The classic RPG game introduced the concept of "morally gray" Force users—those who didn't align with either Light or Dark but utilized both sides to obtain a complete knowledge and mastery of the Force. It's an obvious-but-unexplored aspect of the canon, a borderline fan-fictiony exploration of what's supposed to be a cut-and-dry morality tale.
Regardless, the term "gray Jedi" struck with some and was further explored.
It also seems to be a huge theme in the latest film as Star Wars: The Last Jedi brings Luke Skywalker back on screen in a major way. One of the final surviving Force-sensitive beings at the end of Return of the Jedi, the ret-conned prophecy of balance in the Universe seemed to make sense.
But balance was confused to be speaking of either the dominance of the Light Side or an actual balance between Light and Dark. Are both sides meant to exist? It seemed unlikely, especially when George Lucas himself used philosophy to establish a broader thought process for kids, coaxing them to think beyond good and evil and to stretch into the reasoning behind their actions.
Light and Jedi = Good. Dark and Sith = Evil. It's really quite simple. But there's still room for the morally ambiguous even in A Galaxy Far, Far Away. That's why Han Solo is as popular as he is.
So are the new movies explaining this morally gray area? Are they establishing that the old ways of Dark versus Light must cease to exist to make way for a shared balance between the two?
Possibly, but that seems to obvious. Consider that Star Wars, at its most effective, is a high concept fairy tale. Very little can be gained from the Saga converting to a tale of morally ambiguous gray zones—that's what the spinoff stories are for.
When it gets down to it, Star Wars is about good and evil, the right choices versus the wrong ones.
Instead, the new trilogy seems to set up new hierarchies to both structures.
The Original Trilogy set up the Jedi is a myth, protectors of the idealogical good. But when they were further explored in the Prequel Trilogy, they were a bureaucratic fighting force—inhibited by producers, bylaws, and belief structure in their efforts to maintain order.
This proved the Jedi's ultimate undoing when Senator Palpatine seized control of the galaxy. The Sith established their own order, but made sure to cut it down to the singular vision of a Master, who could guide their Apprentice, before they enacted their will. Sure, the order still had rules, but those were malleable under whoever maintained control.
So what Luke seeks, perhaps, is the abolishment of rules in the face of pure evil.
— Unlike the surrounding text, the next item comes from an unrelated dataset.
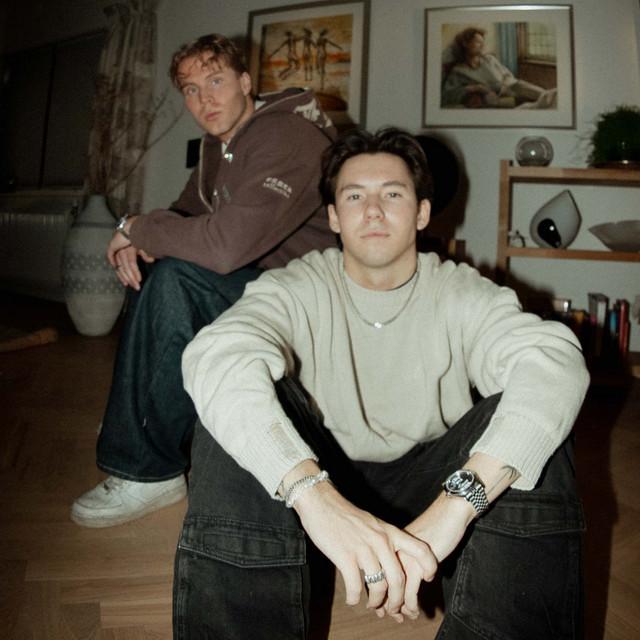 Pressbild för Søte og Rare Gutter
He seems to be going back to the very roots of the Jedi Order to determine what's most important int he foundation and determine what should remain.
It's not a matter of eliminating the Jedi and thus eliminating the Light Side—it's about adapting to the present times and creating a relevant society that can thrive. The Last Jedi might hint toward the demise of the Light Side of the Force. It might even end on a down note just like the Empire Strikes Back did. But it will probably establish a new foundation on which a greater, expansive set of ideals can thrive.
And though we'll always miss the Space Knights who fought gallantly in the Clone Wars, those sacrifices won't be forgotten. They'll be honored so that we can further explore the future of the Star Wars Universe in a way that allows for growth, rather than restricts it.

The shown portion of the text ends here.